Some questions remain open in the case. For example:
– What percentage of the total number of supervised staff / reportees did the 11 complaining staff members in fact constitute, i.e. whether measures taken could be justifiable from the point of view of overall management of staff;
– The vagueness of findings by the administration, remaining inconsequential in the judgement, namely (para. 12 of the Judgement) that (underlining added) “Your management style was perceived as autocratic; You were felt to be dismissive of … and appeared unwilling to take on board different views …; Your conduct could be demeaning, to the point of reducing colleagues to tears“. More certainty and actual occurrences could have been expected for adopting consequential administrative measures.

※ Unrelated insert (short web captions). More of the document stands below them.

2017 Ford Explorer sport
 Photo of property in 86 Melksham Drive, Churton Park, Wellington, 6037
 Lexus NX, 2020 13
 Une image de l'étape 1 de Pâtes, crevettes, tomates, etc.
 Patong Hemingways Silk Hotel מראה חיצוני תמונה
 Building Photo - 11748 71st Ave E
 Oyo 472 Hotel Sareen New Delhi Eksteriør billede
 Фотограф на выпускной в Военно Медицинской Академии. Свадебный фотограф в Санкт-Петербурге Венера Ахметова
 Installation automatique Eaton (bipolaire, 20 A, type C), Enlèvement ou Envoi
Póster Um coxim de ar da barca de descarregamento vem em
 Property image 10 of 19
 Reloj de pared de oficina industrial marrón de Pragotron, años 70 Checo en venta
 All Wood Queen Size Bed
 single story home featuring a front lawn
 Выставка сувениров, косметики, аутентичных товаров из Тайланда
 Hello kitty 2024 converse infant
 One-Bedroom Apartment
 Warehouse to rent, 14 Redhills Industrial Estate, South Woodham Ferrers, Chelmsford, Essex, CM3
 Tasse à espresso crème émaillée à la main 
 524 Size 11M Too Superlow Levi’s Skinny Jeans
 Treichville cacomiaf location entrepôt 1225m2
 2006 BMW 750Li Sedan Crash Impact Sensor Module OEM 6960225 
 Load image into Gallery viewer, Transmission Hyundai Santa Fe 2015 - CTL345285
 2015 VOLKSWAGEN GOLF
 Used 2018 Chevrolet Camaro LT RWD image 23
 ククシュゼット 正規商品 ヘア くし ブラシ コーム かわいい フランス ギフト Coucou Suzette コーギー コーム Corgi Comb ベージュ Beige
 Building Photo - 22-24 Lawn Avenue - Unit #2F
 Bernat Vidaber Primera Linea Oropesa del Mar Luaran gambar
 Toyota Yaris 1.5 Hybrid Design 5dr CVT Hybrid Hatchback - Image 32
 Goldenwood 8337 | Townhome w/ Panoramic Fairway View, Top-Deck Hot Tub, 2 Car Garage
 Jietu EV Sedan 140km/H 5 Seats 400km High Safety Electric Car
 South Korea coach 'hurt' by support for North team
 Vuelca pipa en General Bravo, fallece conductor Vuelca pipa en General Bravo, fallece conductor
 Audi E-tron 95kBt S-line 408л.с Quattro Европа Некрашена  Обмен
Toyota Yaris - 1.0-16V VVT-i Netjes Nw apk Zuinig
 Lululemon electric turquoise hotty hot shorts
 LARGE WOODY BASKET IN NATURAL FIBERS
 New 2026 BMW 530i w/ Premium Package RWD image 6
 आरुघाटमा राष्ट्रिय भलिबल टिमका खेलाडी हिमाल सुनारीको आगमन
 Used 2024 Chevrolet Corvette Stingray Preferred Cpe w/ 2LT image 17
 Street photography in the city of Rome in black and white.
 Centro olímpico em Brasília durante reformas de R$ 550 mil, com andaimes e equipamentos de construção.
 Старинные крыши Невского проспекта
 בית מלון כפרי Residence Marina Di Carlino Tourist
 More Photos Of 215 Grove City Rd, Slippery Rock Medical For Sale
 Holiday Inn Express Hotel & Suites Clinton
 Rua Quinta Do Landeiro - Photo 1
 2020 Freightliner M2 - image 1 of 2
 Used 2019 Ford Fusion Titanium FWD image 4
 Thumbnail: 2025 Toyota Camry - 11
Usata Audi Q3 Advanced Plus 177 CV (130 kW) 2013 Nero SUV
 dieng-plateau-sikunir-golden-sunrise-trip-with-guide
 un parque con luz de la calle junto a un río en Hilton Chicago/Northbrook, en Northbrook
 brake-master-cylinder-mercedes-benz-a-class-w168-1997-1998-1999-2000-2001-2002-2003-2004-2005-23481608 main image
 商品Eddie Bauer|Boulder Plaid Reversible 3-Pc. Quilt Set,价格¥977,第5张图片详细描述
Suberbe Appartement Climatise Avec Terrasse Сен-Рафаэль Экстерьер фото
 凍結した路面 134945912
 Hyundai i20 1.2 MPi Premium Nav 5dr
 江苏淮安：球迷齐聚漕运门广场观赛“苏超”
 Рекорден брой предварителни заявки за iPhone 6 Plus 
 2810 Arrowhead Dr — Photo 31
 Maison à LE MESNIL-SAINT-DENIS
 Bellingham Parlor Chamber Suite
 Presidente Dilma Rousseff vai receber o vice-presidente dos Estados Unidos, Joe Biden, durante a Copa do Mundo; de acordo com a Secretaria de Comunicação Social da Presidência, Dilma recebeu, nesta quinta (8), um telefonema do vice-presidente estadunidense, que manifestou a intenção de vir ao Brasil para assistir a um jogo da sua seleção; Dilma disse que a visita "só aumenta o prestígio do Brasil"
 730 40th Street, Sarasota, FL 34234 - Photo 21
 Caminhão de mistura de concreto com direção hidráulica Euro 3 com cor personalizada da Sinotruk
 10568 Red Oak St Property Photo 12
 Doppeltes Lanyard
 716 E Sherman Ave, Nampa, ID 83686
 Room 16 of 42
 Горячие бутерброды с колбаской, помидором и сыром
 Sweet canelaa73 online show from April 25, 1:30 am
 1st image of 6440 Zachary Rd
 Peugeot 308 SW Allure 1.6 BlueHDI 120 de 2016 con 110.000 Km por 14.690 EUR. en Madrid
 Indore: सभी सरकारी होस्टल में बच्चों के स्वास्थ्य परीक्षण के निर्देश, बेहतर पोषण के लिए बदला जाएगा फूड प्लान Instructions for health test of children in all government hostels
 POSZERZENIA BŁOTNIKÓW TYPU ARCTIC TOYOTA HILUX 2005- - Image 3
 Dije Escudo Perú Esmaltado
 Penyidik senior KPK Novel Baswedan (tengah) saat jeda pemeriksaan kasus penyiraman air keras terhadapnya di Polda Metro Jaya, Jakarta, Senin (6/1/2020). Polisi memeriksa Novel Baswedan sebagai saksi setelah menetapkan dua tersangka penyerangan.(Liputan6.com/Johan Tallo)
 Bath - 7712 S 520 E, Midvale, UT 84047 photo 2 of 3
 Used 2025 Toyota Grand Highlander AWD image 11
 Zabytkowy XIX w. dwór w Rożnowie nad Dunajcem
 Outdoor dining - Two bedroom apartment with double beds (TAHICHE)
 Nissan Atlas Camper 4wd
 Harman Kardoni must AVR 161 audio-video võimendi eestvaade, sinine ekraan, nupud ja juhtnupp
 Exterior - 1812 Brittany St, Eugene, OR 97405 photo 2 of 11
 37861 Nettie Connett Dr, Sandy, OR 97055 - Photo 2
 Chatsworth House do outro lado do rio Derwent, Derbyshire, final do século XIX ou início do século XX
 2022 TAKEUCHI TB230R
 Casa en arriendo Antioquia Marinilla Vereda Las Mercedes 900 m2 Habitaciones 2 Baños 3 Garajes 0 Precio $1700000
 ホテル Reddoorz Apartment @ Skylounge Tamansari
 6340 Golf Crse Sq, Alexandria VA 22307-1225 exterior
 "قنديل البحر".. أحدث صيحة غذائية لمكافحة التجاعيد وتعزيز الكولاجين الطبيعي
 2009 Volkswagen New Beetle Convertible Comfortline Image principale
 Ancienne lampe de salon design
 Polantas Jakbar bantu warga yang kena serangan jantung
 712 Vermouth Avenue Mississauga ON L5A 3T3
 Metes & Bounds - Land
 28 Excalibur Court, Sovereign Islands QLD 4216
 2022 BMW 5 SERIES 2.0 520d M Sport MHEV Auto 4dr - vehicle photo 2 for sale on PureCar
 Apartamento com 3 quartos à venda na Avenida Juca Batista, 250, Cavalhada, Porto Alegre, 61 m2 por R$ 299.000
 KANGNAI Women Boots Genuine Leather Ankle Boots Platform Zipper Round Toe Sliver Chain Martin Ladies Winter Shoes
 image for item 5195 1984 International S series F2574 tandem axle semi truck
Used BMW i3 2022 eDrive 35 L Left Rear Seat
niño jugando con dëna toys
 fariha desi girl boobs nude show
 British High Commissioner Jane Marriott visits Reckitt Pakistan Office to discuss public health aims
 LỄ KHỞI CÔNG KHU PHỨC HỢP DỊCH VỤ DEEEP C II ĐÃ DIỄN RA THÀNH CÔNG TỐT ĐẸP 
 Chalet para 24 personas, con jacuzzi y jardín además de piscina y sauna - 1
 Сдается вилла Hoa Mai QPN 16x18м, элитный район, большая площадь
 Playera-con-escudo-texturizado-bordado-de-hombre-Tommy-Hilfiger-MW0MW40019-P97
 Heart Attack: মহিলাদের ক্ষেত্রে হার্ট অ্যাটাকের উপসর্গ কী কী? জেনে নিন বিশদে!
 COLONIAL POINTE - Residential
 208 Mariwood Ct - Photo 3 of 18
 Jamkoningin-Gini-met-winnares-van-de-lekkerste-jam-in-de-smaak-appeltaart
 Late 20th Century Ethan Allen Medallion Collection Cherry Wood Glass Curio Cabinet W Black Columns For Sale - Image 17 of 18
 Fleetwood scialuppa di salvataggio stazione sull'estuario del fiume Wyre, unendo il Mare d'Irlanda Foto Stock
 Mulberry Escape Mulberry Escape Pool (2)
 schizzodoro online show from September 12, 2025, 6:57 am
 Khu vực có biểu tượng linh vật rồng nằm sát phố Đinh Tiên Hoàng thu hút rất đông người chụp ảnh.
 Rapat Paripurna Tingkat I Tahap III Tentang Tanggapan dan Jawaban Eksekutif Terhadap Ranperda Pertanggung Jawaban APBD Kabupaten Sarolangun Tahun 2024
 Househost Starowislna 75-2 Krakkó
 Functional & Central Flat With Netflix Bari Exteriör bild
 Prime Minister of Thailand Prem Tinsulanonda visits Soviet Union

– Why a Performance Improvement Plan (PIP), including limited or reduced supervisory functions, as a management tool could not have been sufficient, with such PIP sending a clear message to the Appellant and concerned staff; whether proportionality was indeed given in foreseeing a reprimand remaining on file for five years, also without any possibility of e.g. a mid-term review depending on progress made in the remedial measure (training). Five years is a long period in an e.g. 20 or 30 year career with the UN, taking into consideration also the period for “re-starting“ a career after encumbrance due to a reprimand in the personnel file. The reprimand in its current form may therefore indeed, as the Appellant has claimed, have a disciplinary element to it. Moreover, the cited evidentiary standard for the reprimand – preponderance of evidence, as opposed to clear and convincing evidence – should have been taken into account in setting the time period for being on file.
– Why a reversal of the original investigation not requested. The fact that an investigation was conducted, even if no disciplinary measure had ultimately been adopted, may be more damaging under career prospects than the administrative measures. The Appellant mentions these career consequences (para. 24). The question might be posed whether a full investigation had in fact been warranted.
– The UNDT judgement (para. 49 Pakkala 2021-UNDT-076) does mention discrimination as a point raised by the Appellant. However, there are no further findings on this aspect in the judgements by the UNDT and UNAT. Yet, the thought does arise whether discrimination of women in leadership positions, particularly in younger years or in mid career stages, did in fact play an underlying role in the Organization’s response in this case. In professional sports, the case has been made that women atheletes are unduly penalised for behaviour which for male athletes under comparable circumstances may be accepted as being assertive, commanding respect, and therefore remaining without consequence or even admired. Standards applied to women in such positions may exhibit less tolerance due to (unconscious) bias, and consequences may be harsher.

There is also an overall subliminal aspect to the judgement, and that is whether the administrative measures would indeed have been taken in such way if the original investigation, which did not lead to disciplinary measures, had never been conducted or considered in the first place. Would the administrative measures indeed have stood on their own if not following and impacted by a failed investigation ? Did the unsuccess and abandonment of the investigation thus play a role, with the administrative measures gleaning from the failed investigation ?

The administrative measures appear as a fallback mechanism, almost applicable by default and/or quasi automatically accepting and/or assuming an upper end violation of the fallback option. While there may be understandable innate frustration and the aspect of “losing face“ from a failed investigation on the side of the Organisation, opening up even to potential further consequences (complaints) in that regard, yet in a professional environment these aspects should have no space. There needs to be awareness of the innate associated risks of such circumstances and unfolding of events and linked narratives, and therefore concerted efforts made to ensure a virtual firewall is in place between the investigation and administrative measures, which need to be justifiable entirely on their own.